On 19th August 2025, Sickle Cell elimination mission announced that it had completed screening of 6 crore individuals. As of now the program envisages screening entire population (upto 18 years of age) in tribal dominated districts of 17 states of India (Gujarat, Maharashtra, Rajasthan, Madhya Pradesh, Jharkhand, Chhattisgarh, West Bengal, Odisha, Tamil Nadu, Telangana, Andhra Pradesh, Karnataka, Assam, Uttar Pradesh, Kerala, Bihar and Uttarakhand).

As per the dashboard accessed today on 15th November 2025, of about 6.5 crore individuals screened, 18.2 Lakh individuals have a trait and 2.30 Lakh have Sickle Cell Disease. These numbers mean that about 2.8% of screened individuals have a trait (carry sickle cell gene), and 0.35% manifest the disease.
My interactions with Sickle cell Disease
My medical undergraduate as well as postgraduate training was in the thick of sickle-cell belt of India. We saw many adolescents and young adults, who would come to the hospital in extreme excruciating pain. Their pain could start from any of the limbs, chest, or trunk. One of these sufferers of Sickle Cell Disease was a medical student, who would come to hospital quite frequently, and we would run fluids and painkillers through her veins. Most would go back home with less of pain, and some would again come back later, again and again.

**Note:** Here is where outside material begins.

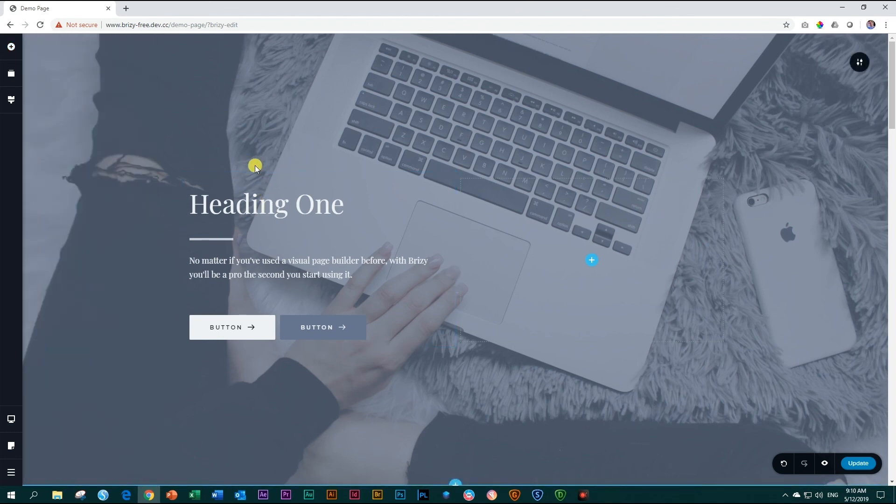Make sure to watch the video on responsiveness so that you can prepare your site for both tablet and mobile view.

Since this condition has a geographic and social distribution, I never encountered such patients in northern and eastern part of the country where I had worked. But coming back to Bhopal, it is again at a northern fringe of India’s sickle cell belt. Physicians who have not trained in the belt, would never encounter those with Sickle Cell Disease. However those who have, are quick to flow enough fluids and painkillers through the blood vessels of their patients. Managing acute painful crisis in sickle cell disease has remained virtually unchanged over last many decades.

Diseases also have their social standing
Unfortunately some diseases are more neglected than others. Health systems prioritizes diseases that are numerically large, affect the influential, receive more media coverage, or where success is a low hanging fruit. Sadly, sickle cell disease fits-in none of the above paradigms. So, after so many decades of neglect when in 2023 India launched a drive towards its elimination, it was a bitter-sweet moment. Bitter as we diagnosis needs a molecular test, and for treatment we still have only a few tools with us. Sweet, as we as a nation were finally talking about it.

What does screening achieve
First premise of a screening test is, that if it is positive it should really confirm the disease. When it comes to Sickle Cell Disease, Hb HPLC fits well on this criteria. Second, we should be really able to do something about those who are screened positive. We can prevent infections, and educate those with sickle cell disease. However, the Achilles heel is Sickle cell trait. For every disease, there are 6-8 individuals with a trait. Genetic counseling (so that two individuals with a trait or a disease, understand the risks when they raise their progeny) is currently the only public health remedy. This stands a chance only when large numbers in the community are screened.


Advocacy gets a postage stamp

Another tryst with Sickle cell disease was on 15th November last year, when India post issued India’s first postage stamp on the condition. I trudged along with my colleagues to Dhar – a small tribal dominated town in Madhya Pradesh. With colorful attires, and amongst thousands in audience, there was a stamp moment. Hon Governor and Chief Minister of Madhya Pradesh released the stamp, and later posed with the stamp blowouts. The diagnostic testing and genetic counseling machinery has chugged on. Low cost tests are being tested, and hopefully better treatments are not far away.